§ **AIM OF THE TASK**
Somewhere below, one line contains "Eine junge Frau" and a later line contains "4937 Sweetgrass Lane". Output those two lines and everything between them exactly, and nothing else.

§ **DATA FOR THE TASK**

□ □ □

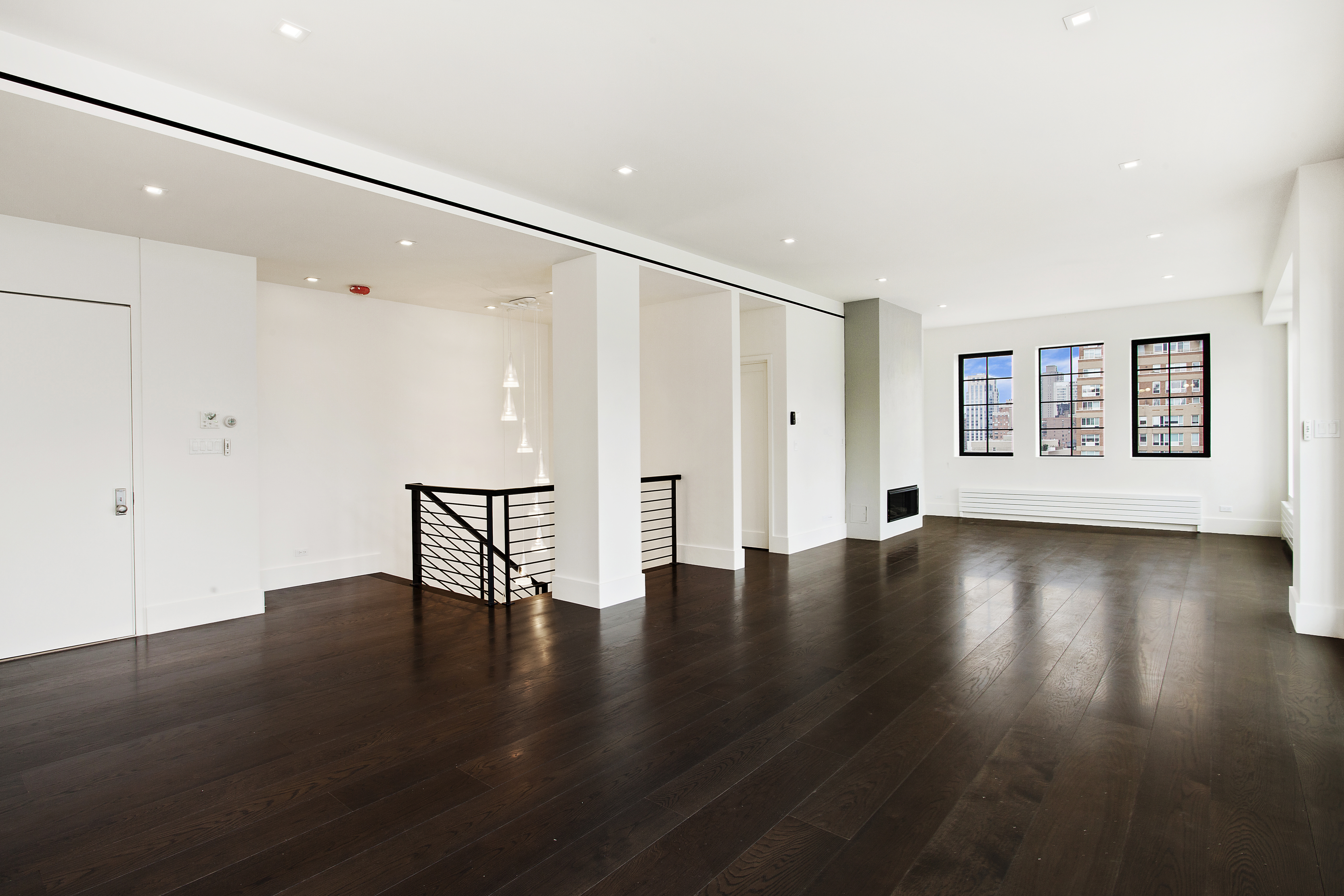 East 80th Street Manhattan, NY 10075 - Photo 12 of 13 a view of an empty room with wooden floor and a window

□ □ □

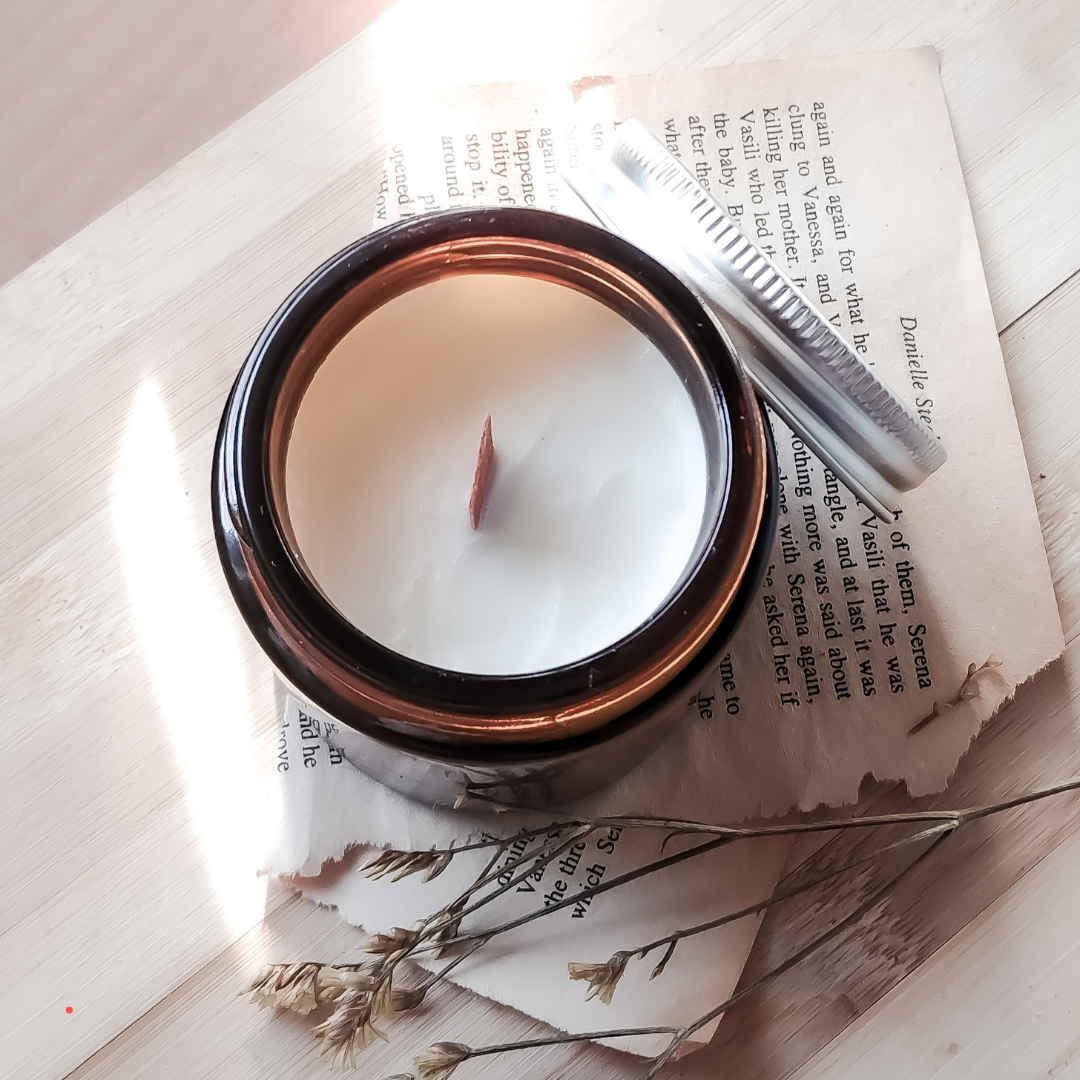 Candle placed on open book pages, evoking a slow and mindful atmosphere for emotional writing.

□ □ □

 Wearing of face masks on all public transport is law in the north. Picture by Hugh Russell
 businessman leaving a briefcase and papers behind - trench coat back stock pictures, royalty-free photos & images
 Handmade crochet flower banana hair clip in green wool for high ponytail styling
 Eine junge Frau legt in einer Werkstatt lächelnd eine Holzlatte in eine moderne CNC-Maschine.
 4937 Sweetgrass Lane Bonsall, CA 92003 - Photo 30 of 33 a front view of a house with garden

□ □ □

§ **REPLY TO THE TASK**
 Eine junge Frau legt in einer Werkstatt lächelnd eine Holzlatte in eine moderne CNC-Maschine.
 4937 Sweetgrass Lane Bonsall, CA 92003 - Photo 30 of 33 a front view of a house with garden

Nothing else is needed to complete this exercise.